- Born: 17 December 1930 Koubbeh Palace, Cairo, Kingdom of Egypt
- Died: 10 December 1976 (aged 45) Los Angeles, California, United States
- Burial: Holy Cross Cemetery, Culver City, California, United States
- Spouse: Riyad Ghali ​ ​(m. 1950; div. 1973)​
- Issue: Rafiq Ghali; Rayed Ghali; Rania Ghali;
- House: Muhammad Ali
- Father: Fuad I
- Mother: Nazli Sabri

= Princess Fathia of Egypt =

Egyptian princess (1930–1976)

Princess Fathia (الأميرة فتحية; 17 December 1930 – 10 December 1976) was an Egyptian princess and the youngest sister of King Farouk I. In 1950, she moved to the United States and married Riyad Ghali, a Coptic Egyptian diplomat, despite the refusal of her brother and the royal council. Consequently, King Farouk stripped both Fathia and her mother Queen Nazli of their royal titles, privileges, and citizenship.

==Early life==
Fathia was born on 17 December 1930 at Koubbeh Palace, Cairo. She was the youngest daughter of King Fuad I and his second wife, Nazli Sabri.

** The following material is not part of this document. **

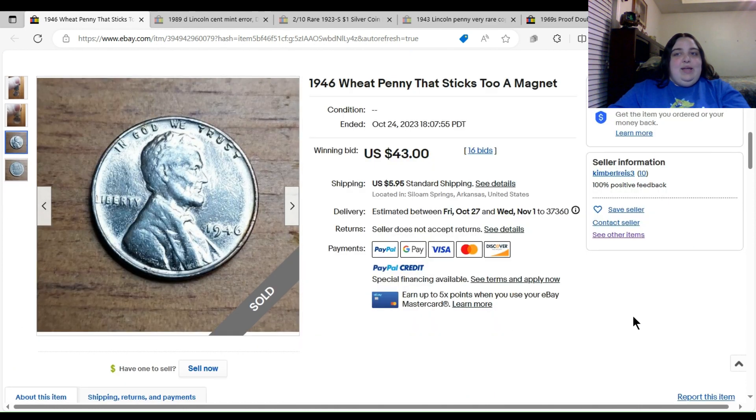With eBay, even with them saying that and having returns not accepted, if the buyer opens a return for item not as described, the seller can't actually be forced to refuse the return. So let's look at these pictures.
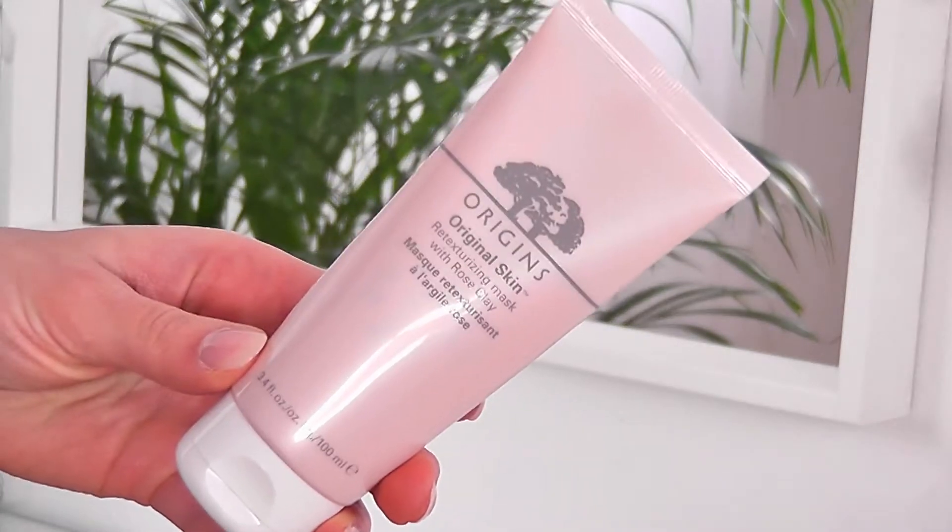The next skincare product is the Origins Retexturizing Mask with Rose Clay. You've seen me use this mask in my morning skincare routine. I've used it for so long and I just love it — after using it my skin always feels very refreshed and hydrated. It smells like roses and it's a little bit exfoliating, so it's two-in-one if you don't want to buy a separate exfoliator. I will definitely repurchase this.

In addition to her three sisters: Faiza, Faika, Fawzia, and brother Farouk, she had two half-siblings: Fawkia and Ismail, from her father's previous marriage to Shivakiar Ibrahim.

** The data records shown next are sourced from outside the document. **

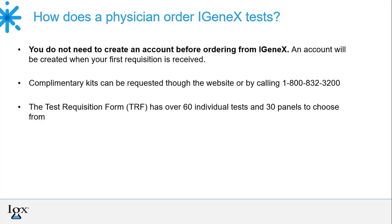You don't need to create an account to test with Igenix. Kits can be ordered by calling in, emailing customer service, or through the website. An account will be set up for new providers once we receive the first sample, and at that time we'll also verify the provider's credentials. The test requisition form offers over 60 individual tests on page three.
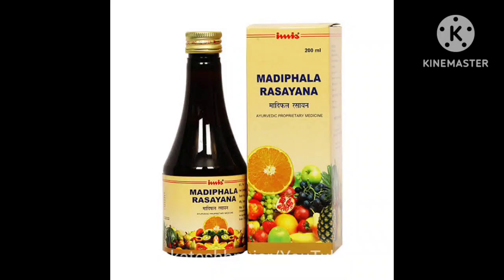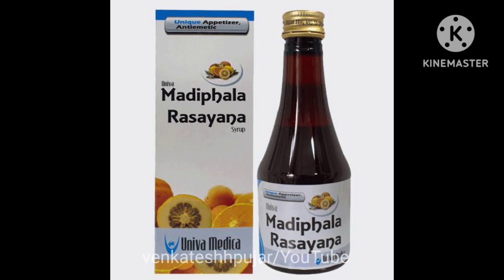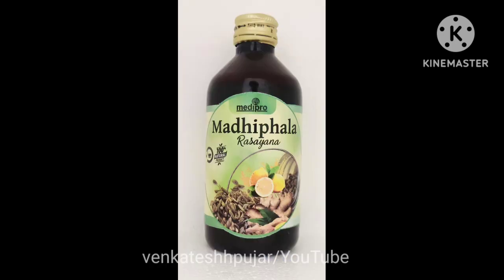In this video I am going to discuss a new Ayurvedic medicine — Madhifala Rasayana. What is Madhifala Rasayana? What are its key ingredients, its indications or in what conditions your doctor is prescribing it? What is the dosage in children and adults? Its side effects, contraindications, MRP, availability — everything regarding that I will be discussing in this video, so stay tuned.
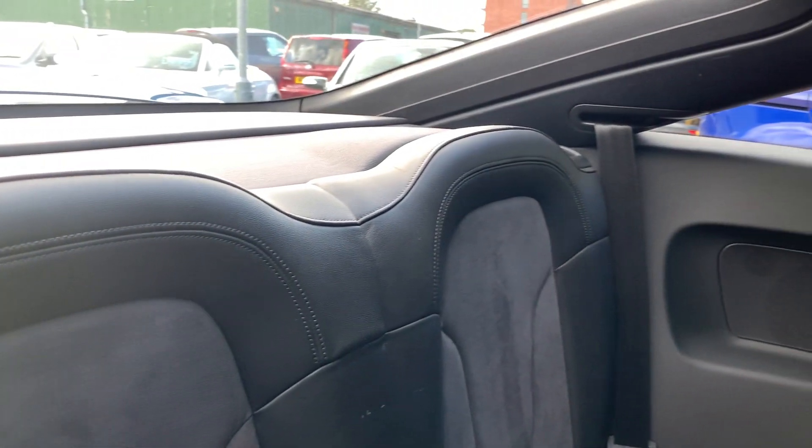And the rear of the car — two seats in the rear.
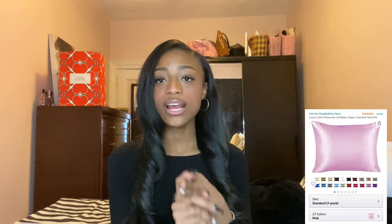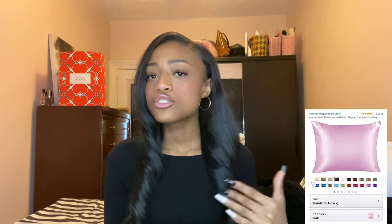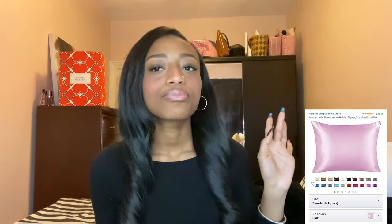I've been using satin pillowcases for years — that's all that I use. I have a pink one, a black one, and a white one. If you have natural hair or just don't like wearing bonnets, satin pillowcases are great because they allow moisture to stay in, whereas cotton pillowcases strip your hair of its natural oils. They're also really good for your skin — if you're acne-prone, a satin pillowcase will help your skin stay fresh, clean, and nice looking.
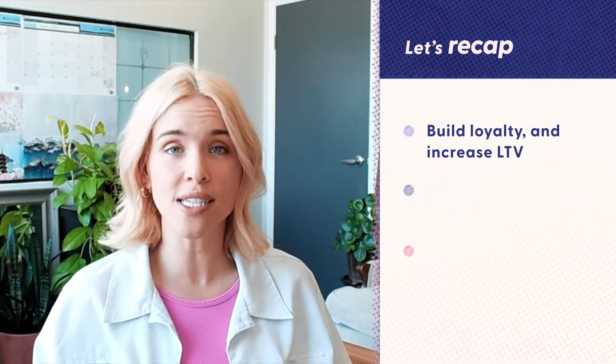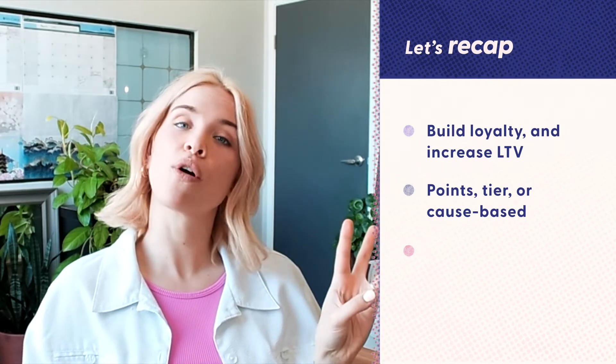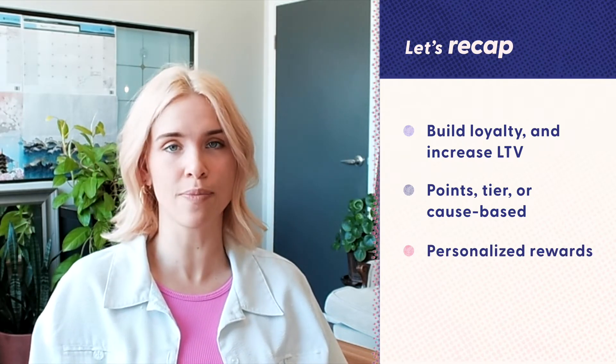So let's recap. Loyalty programs are a great way to build customer loyalty and increase LTV. They can be points-based, tier-based, or cause-based. Lastly, the best loyalty programs are personalized and motivate customers to spend.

Her father was 62 years old at the time of her birth and was disappointed by the birth of a female child, as he was desperate to secure the throne with a direct male heir.

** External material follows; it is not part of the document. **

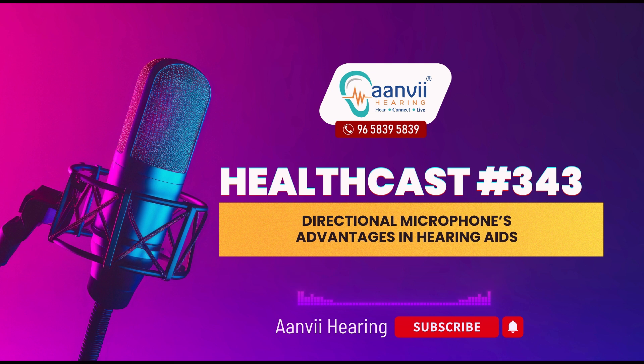Directional microphones prioritize sounds coming from a specific direction, usually in front of you, and reduce noises from other directions. This feature can be particularly helpful in noisy environments where it's important to focus on one particular sound source, like a conversation with a friend at a busy restaurant. Both types of microphones have their own strengths and can be beneficial depending on your specific needs and listening environments. It's always best to discuss these features with your audiologist to find out which one suits your lifestyle better.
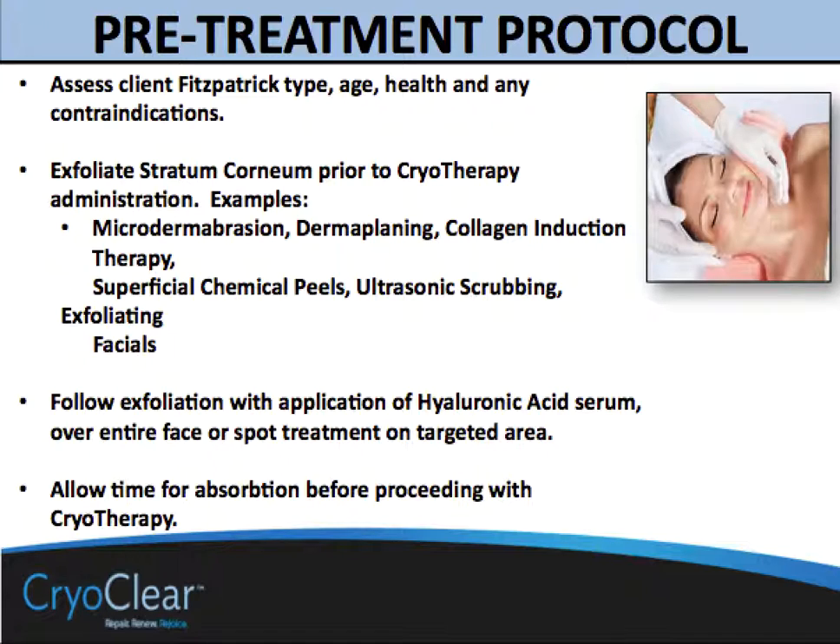Following exfoliation, we believe that treatment with a hydrating formula such as hyaluronic acid serum over the entire area is really valuable because it will be hygroscopic and will help bring moisture to the area. If we're trying to freeze an area, moisture is what's needed — anything dry will be less effective when sprayed with CryoClear. Remember, there's a period of time needed for the moisture to accumulate and prepare the area for the treatment itself. This concludes this section, and now we'll be moving on to CryoClear treatment.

The famous Egyptian poet Ahmed Shawqi sent a congratulatory telegram to King Fuad:

A greeting of a world that lasts, and health
Joy of a nation that remains, and life!
My Lord, indeed the sun in its glory is a female, and all the good-natured are girls.

Her family affectionately nicknamed her "Atty". Fathia was homeschooled in the royal palace. Her Arabic language instruction was overseen by Ahmed Youssef. Her studies included music, painting, and athletics. She developed a particular interest in the visual arts, including photography.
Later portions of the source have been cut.